▶ **Problem to solve**
The lines below, from the one containing "Armani Exchange - Botki na obcasie" through the one containing "1912 Parkridge Drive, Van Buren, AR 72956", should be set down exactly, with no pictures and nothing else.

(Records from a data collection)
***
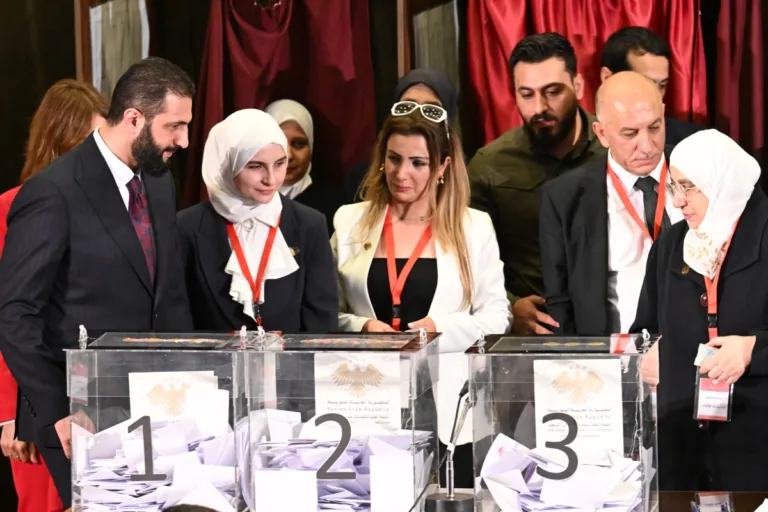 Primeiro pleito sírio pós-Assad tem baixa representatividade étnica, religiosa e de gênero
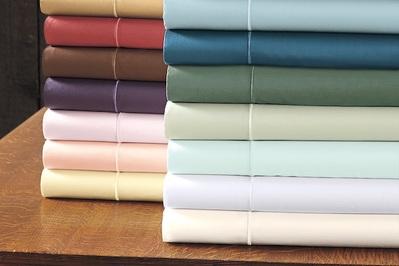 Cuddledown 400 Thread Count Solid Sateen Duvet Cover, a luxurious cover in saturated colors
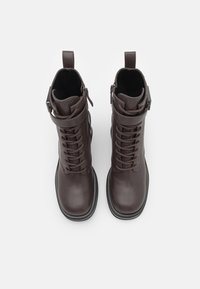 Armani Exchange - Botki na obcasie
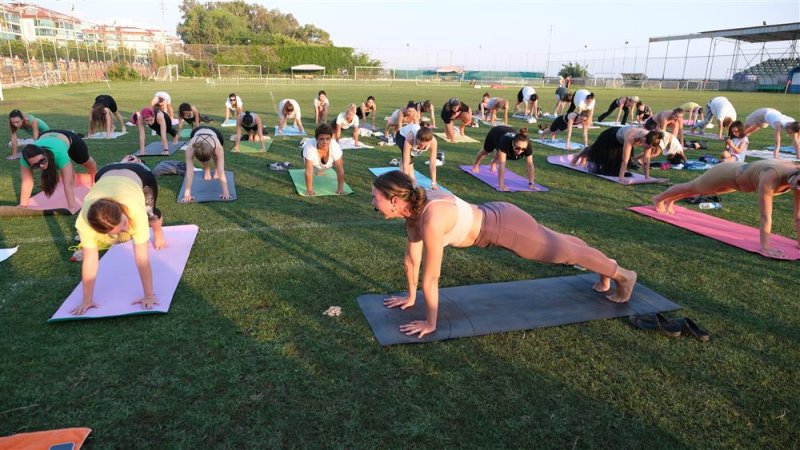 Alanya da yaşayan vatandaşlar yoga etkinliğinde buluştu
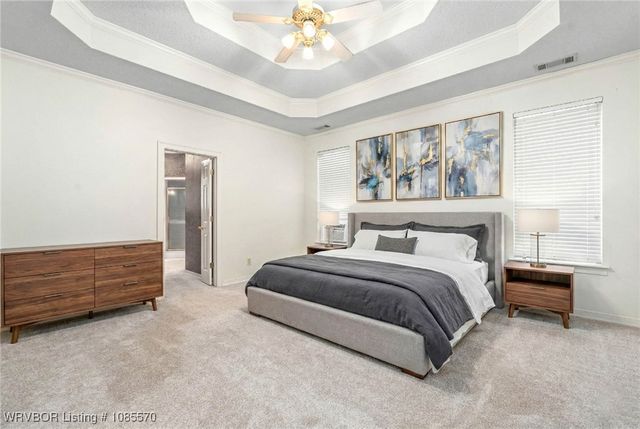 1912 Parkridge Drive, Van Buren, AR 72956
***
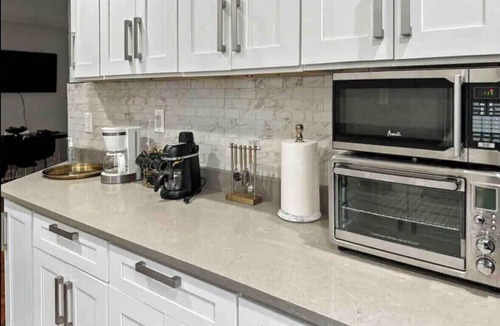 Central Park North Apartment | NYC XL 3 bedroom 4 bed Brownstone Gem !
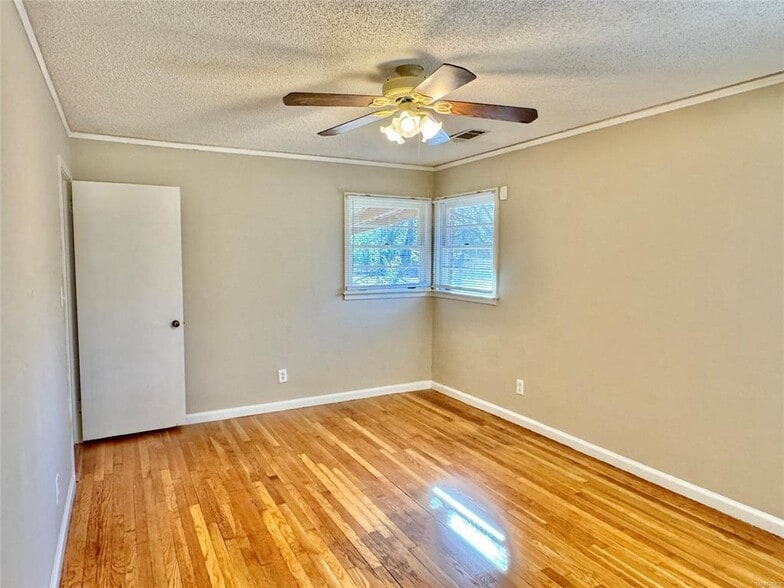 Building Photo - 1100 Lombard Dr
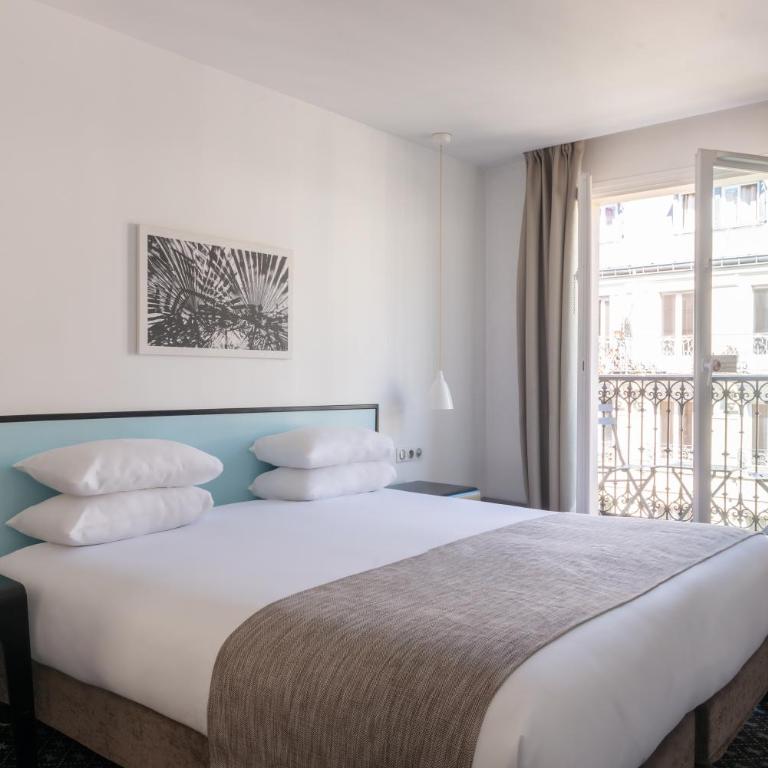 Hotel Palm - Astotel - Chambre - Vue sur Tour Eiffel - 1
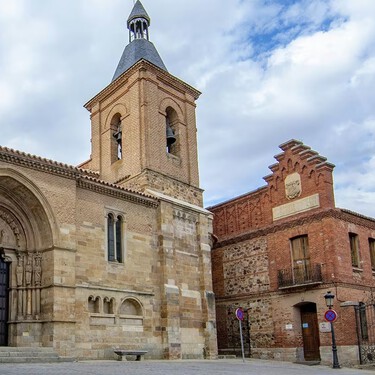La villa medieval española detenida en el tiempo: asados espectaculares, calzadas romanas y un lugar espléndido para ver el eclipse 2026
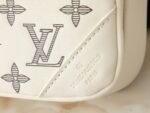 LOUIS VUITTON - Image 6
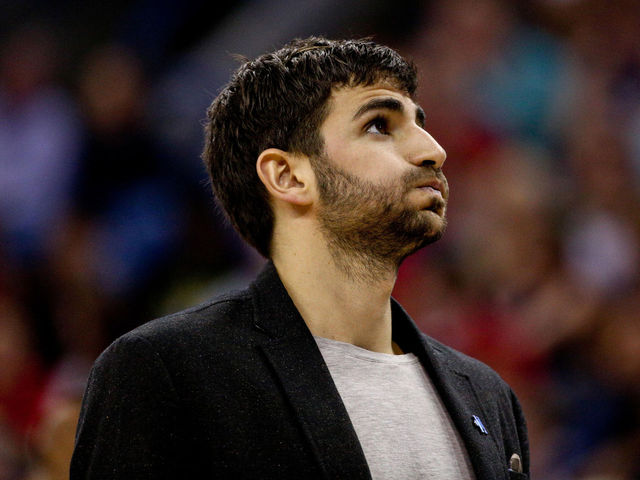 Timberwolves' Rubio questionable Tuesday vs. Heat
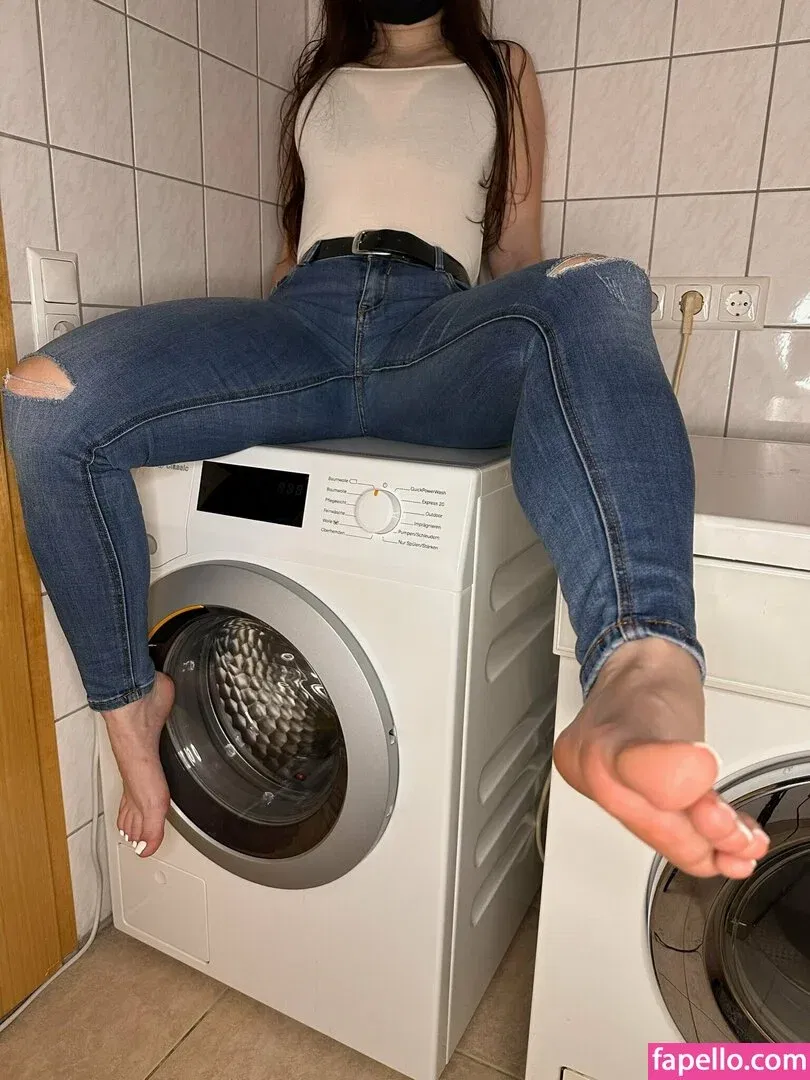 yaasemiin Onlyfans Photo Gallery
***
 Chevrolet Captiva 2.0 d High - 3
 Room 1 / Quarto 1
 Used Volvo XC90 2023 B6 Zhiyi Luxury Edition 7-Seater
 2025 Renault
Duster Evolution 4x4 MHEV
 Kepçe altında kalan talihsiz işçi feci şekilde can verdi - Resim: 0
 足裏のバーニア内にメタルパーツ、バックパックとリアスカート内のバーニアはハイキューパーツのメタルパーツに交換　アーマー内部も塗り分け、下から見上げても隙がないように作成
***
▶ **Written answer**
 Armani Exchange - Botki na obcasie
 Alanya da yaşayan vatandaşlar yoga etkinliğinde buluştu
 1912 Parkridge Drive, Van Buren, AR 72956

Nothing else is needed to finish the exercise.